B cells produce antibodies, proteins that specifically recognize and attach to foreign molecules, or antigens, such as those found on the surface of an invading virus or bacterium. Once they've hitched themselves to an antigen, antibodies either directly block the microbe from spreading or act as chemical beacons, signaling other immune system components to eliminate the captured organism.

To learn how HIV affects B cells, researchers from Dr. Fauci's laboratory studied the immune systems of people who were infected with the virus. Susan Moir, Ph.D., Angela Malaspina, Ph.D., and colleagues looked at B cells both before and after patients were treated with antiretroviral therapy. The researchers found consistent changes in B cells that occurred when HIV levels in the blood were high.

"At high virus levels, people had a large number of totally dysfunctional B cells," says Dr. Moir. "When we treated the patients to reduce their virus levels, the B cells reverted to their typical ways." When the researchers analyzed the B cells in detail, they found a specific change that might help explain the cells' loss of function: decreased amounts of a protein called CD21.

CD21 is a molecule on the surface of B cells that attaches to an immune system protein called complement. Dr. Moir and colleagues studied the cells with low amounts of CD21 and found these cells were unable to respond to many different B-cell stimuli in test tubes, yet spontaneously produced large quantities of irrelevant antibodies. Both of these properties are seen in the B cells of people with HIV. The researchers had previously shown HIV can hitch a ride on B cells by attaching to CD21, providing further support for the protein's possible role in HIV-induced B-cell malfunction (see news release at http://www.niaid.nih.gov/newsroom/hivbcell.htm).

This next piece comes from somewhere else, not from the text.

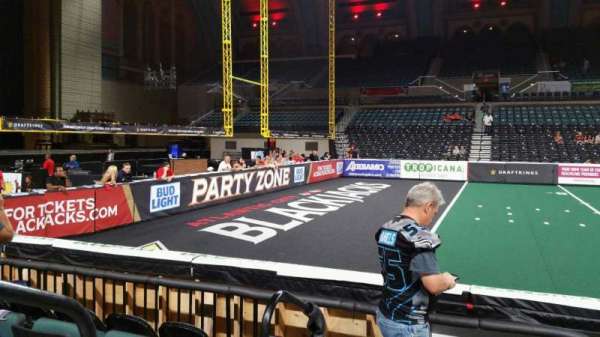 Boardwalk Hall, bloc: 104, rangée: EE, place: 1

"When we studied the cells further, they looked something like plasma cells that couldn't quite make up their minds," says Dr. Moir. Plasma cells are B cells that, upon recognizing an antigen, rapidly divide and pump out thousands of antibody molecules to attack a microbial invader. As B cells become plasma cells they change shape, lose their CD21 and stop responding to many B cell stimuli. "The B cells in patients with high virus levels look like plasma cells under the microscope, have very little CD21, and don't divide in response to chemical signals," Dr. Moir continues, "but in other respects they retain features of their parent B cells."

The researchers believe HIV causes changes to occur in B cells that either partially transition them to plasma cells or stimulate them to undergo changes along a completely different biochemical pathway. By identifying a specific change that links HIV levels with B-cell malfunction, Drs. Moir, Malaspina and colleagues have a key tool to further investigate how the virus is causing B cells to go awry.

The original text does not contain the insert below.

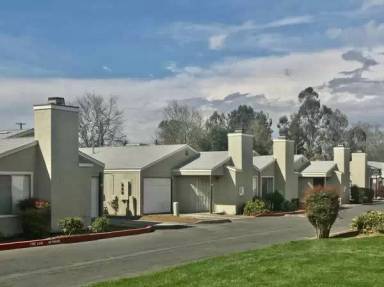 Main picture of 5364 E Huntington Ave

"We know it happens, we know what drives it, and we know what the consequences are," says Dr. Moir. "This is the very first step in learning how we might be able to prevent it and improve the care of people infected with HIV."

The study was funded by NIAID and the National Cancer Institute (NCI). Researchers from NCI and the George Washington University also assisted in the study.

NIAID is a component of the National Institutes of Health (NIH). NIAID supports basic and applied research to prevent, diagnose, and treat infectious and immune-mediated illnesses, including HIV/AIDS and other sexually transmitted diseases, tuberculosis, malaria, autoimmune disorders, asthma and allergies.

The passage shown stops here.